Friday, September 10, 2010
Something That Happens
Looking at the ads for THE AMERICAN leading up to its recent release it was hard not for me to think, wow, it’s like George Clooney’s totally taken himself out of the game. He doesn’t care about this summer blockbuster stuff or even winter blockbuster stuff anymore, perfectly content to make a quiet art film off in Europe and I’m not sure that I blame him in the slightest. Of course, his most recent film UP IN THE AIR stuck around for a while and took in a healthy $83 million dollars without even ever cracking the top 5. In comparison, THE AMERICAN opened in a healthy first place over the normally slow Labor Day holiday weekend, maybe helped by an adult audience who wanted to see a film actually aimed at adults and the response has apparently been pretty terrible. I kind of loved the film myself, with what I got being exactly what I wanted it to be: Clooney-as-hitman brooding in a small village somewhere in Italy with guns, beautiful girls and the ever present mood of ennui wafting through the air. Honestly, I want to go see it again right now. OK, I’m in the minority but I also know that a few people out there responded to it as I did so I’m not the only one. Occasionally Clooney has connected with what people want to see—THE PERFECT STORM was a massive hit but I always that it was pretty terrible so I’ll be more than happy if he goes on making films like THE AMERICAN for the next ten years. Others might lose their patience. But what can I say.
The very oddness of something like THE AMERICAN opening wide in over 2,800 theaters marketed as a slick action caper made me think of another Clooney film once released with a genuinely cool poster (either one would look great on my wall right now), the Steven Soderbergh-directed Elmore Leonard adaptation OUT OF SIGHT. It was the film that really set him down the path he’s on now, the one that indicated he might be more than just a TV-to-movies flash in the pan and it was also the one that began his lengthy collaboration with director Soderbergh, leading to the blockbuster OCEAN’S trilogy as well as a few titles that didn’t perform quite as well. A box office disappointment when it was released in June 1998 the reputation of OUT OF SIGHT was helped in the long run by great reviews along with a feeling that Universal had somehow fumbled this sure thing and how it seemed to reenergize Soderbergh’s then-dormant career trajectory.

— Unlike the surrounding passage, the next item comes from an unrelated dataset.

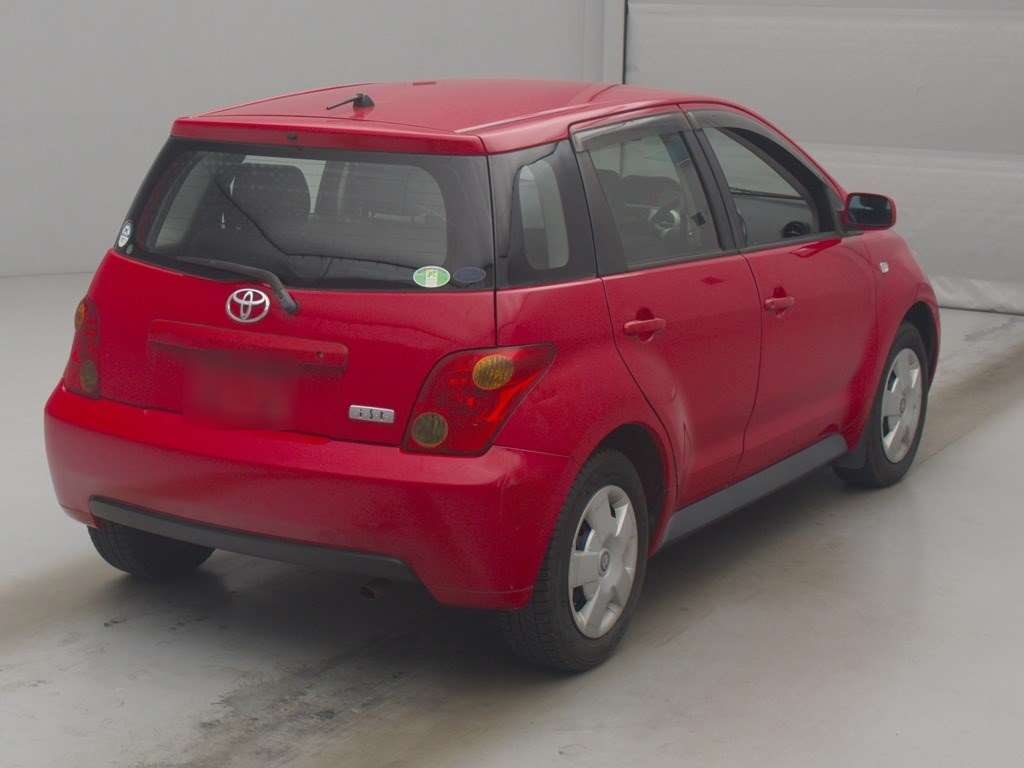 TOYOTA IST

I’ve always liked OUT OF SIGHT quite a bit but it’s never been a film that I’ve jumped up and down over. The film doesn’t even seem to ask that anyway, instead asking you to just go along with the cool rhythm of it all as it glides through scenes feeling absolutely sure of itself. At two hours and change it may be a little too long but it really is a truly elegantly made crime film that takes the wacky FedEx aesthetic of Barry Sonnenfeld’s Leonard adaptation GET SHORTY and dials things down to a level of dealing with these characters as individuals as well as being just a fun film to relax to. It’s a great latter day example of two people who look like they should be movie stars having chemistry that really does illicit sparks and it makes the movie memorable as a result.

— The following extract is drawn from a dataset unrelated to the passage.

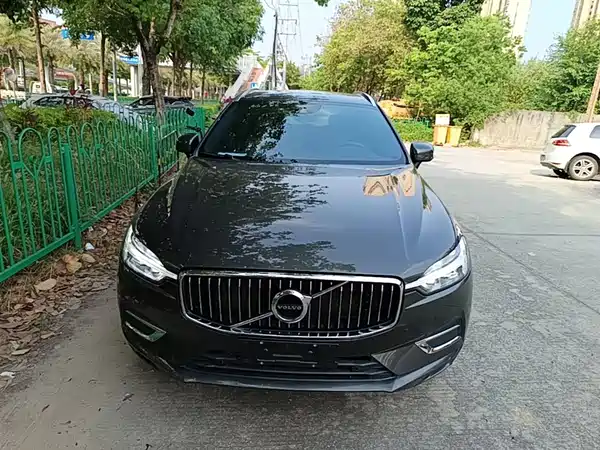 Volvo XC60 2021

Soon after being sent to prison for an impulse bank robbery, veteran crook Jack Foley (George Clooney) is involved in a breakout that through various circumstances gets him locked in a car trunk he’s escaping in with Karen Cisco (Jennifer Lopez), a U.S. Marshal who just happened to be arriving at the prison during the break. As Jack’s buddy Buddy (Ving Rhames) drives the car the two of them get to know each other and afterwards when they’re separated as the aftermath of the getaway goes slightly wrong, Karen continues her pursuit of Foley with the local authorities in Miami. When that doesn’t happen, she eventually follows him and Buddy all the way to Detroit where there’s a plan underway with the very nasty Maurice Miller (Don Cheadle) to rob the house of crooked businessman Richard Ripley (Albert Brooks) who the various cohorts knew while he was doing time, bragging about the diamonds he had stashed somewhere in his mansion. As Karen continues to look for Foley, he looks for Karen as well, with the certain idea of a timeout in mind.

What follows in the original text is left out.